**Instructions to follow**
Any picture in the range stays out of the copy; retype exactly the lines from the one with "Pánska flísová bunda" to the end of the listing.

**Data records**
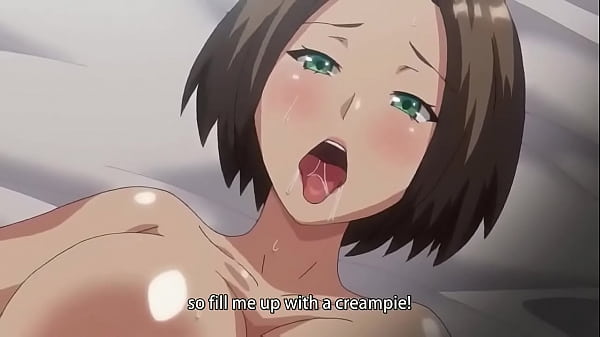 Cumshot and creampie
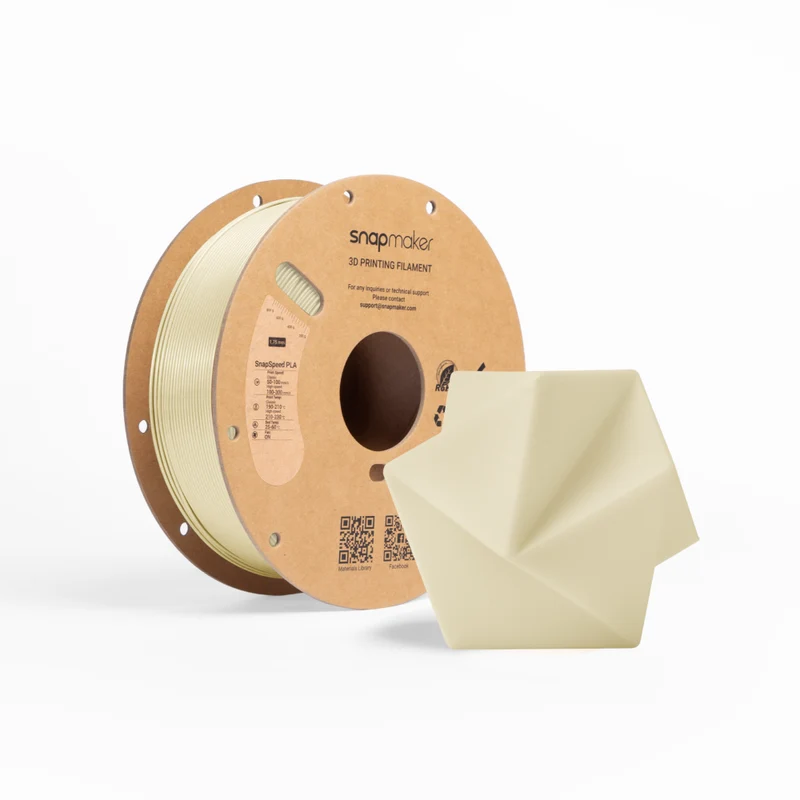 Snapmaker SnapSpeed PLA RFID
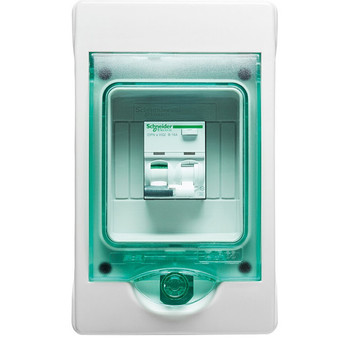 Mastervolt Shore Fix (RCD) - 16A/30mA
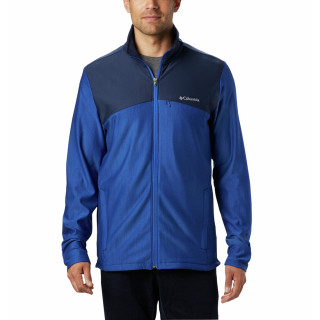 Pánska flísová bunda Columbia Maxtrail Midlayer Fleece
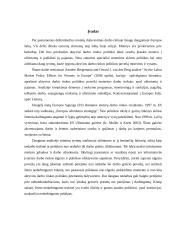 Aktyvios darbo rinkos politikos priemonių poveikis moterų situacijai darbo rinkoje 2 puslapis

**Response to the task**
 Pánska flísová bunda Columbia Maxtrail Midlayer Fleece
 Aktyvios darbo rinkos politikos priemonių poveikis moterų situacijai darbo rinkoje 2 puslapis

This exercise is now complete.